Anyone who merely glances at your lower jaw will recoil in horror from its mercury-spreading toxicity.

More seriously, twenty or more years ago the Smithsonian analyzed some fish they had on ice for over 100 years and guess what! The amount of mercury in them was no less than those caught today. That put paid to the mercury scare of the time. I guess the enviros figure that they can dust off their mercury panic in hopes that no one will remember the truth. It seems to be working.

Bleepless   ·  August 25, 2006 09:19 PM

You really shouldn't breathe large quantities of mercury dust. However, it is actually my understanding that most studies of the form of mercury found in fish as it is metabolized by their systems is totally harmless at anything approaching the levels we see.

Jon Thompson   ·  August 26, 2006 12:01 AM

Gad, your teeth look just like mine, riddled with fillings. We weren't breastfed, or something.

I remember playing with mercury that fell out of broken thermometers. I think if I get mercury poisoning, it'll be more likely from that than from eating tuna!

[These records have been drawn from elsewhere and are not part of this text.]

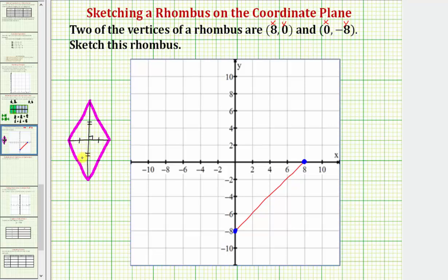Knowing this property will help us sketch our rhombus. Because we went down eight units from the origin to find this vertex of the rhombus, if we go back to the origin and go up eight units, we can find another vertex. Then to find the last vertex, since we went right eight units from the origin, if we move left eight units from the origin, we can find the final vertex of the rhombus.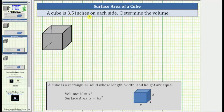A cube is 3.5 inches on each side. Determine the volume. A cube is a rectangular solid whose length, width, and height are equal, which means each of the six faces is a square, as pictured here.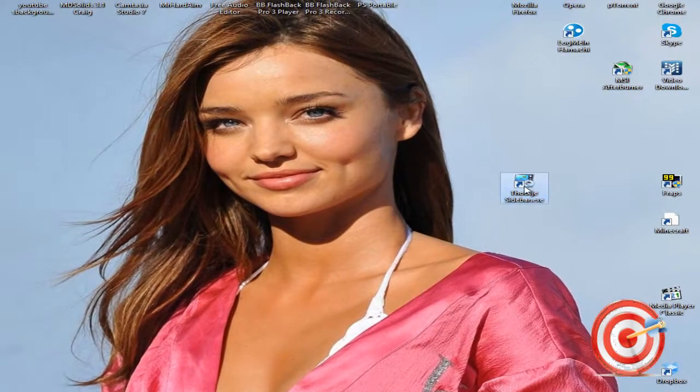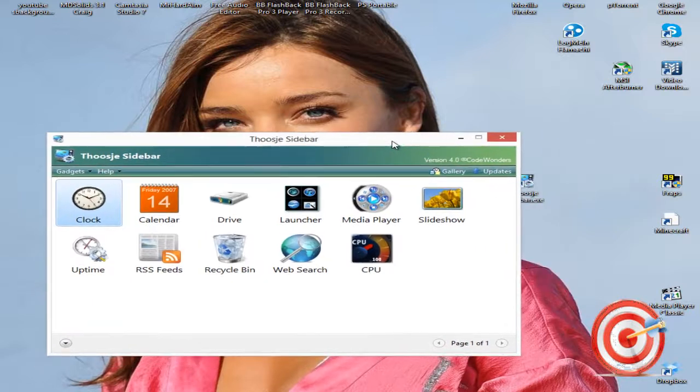After you install, open it. After you open, you will see plenty of gadgets here.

Bonnie   ·  August 26, 2006 02:42 PM

Bonnie-My father tells the most amazing stories. My second favorite is the story of how he and his friends used to buy mercury at the drug store and play with it with their fingers.

My favorite, of course, is how he always used to go to the shoe store on Saturday and X-ray his feet.

Jon Thompson   ·  August 26, 2006 03:00 PM

I think I can beat the X-ray story: my friend grew up in North Carolina, where she and the neighbor kids would play outside summer evenings when it wasn't so hot. Once a week a cry would go up: "The bug machine! The bug machine!"

The bug machine was a city-owned truck that slowly drove down the middle of the street, spraying insecticide like a giant fountain. All the neighborhood kids loved to run and dance in the bug spray as the truck rolled by, and nobody ever stopped them!

Bonnie   ·  August 28, 2006 01:16 PM

If you drink enough Coke, it won't loosen your mercury fillings, but it could give you nerve damage.

I'm serious. See, there's this interesting interaction when you drink large amounts of caffeinated beverage and have a mouth full of fillings. "Large amount" in this case means at least a twelve-pack and a quad shot a day. The acidity in the drink starts to leach the mercury out of the fillings, and the caffeine helps to get it to the nervous system or somesuch.

It's very rare, but I know about this because of a case where the guy couldn't hold a pencil by the middle of his freshman year in college. When he quit the caffeine, the shakes stopped and his body started removing the problem... but ten years later, he's still got a numb patch on his leg.

(Yeah, I married the guy. He's done more things to his body...)

Anyway, you have to be ingesting a truly absurd amount of acidic caffeine for this to happen, so no worries. Unless you're a computer geek.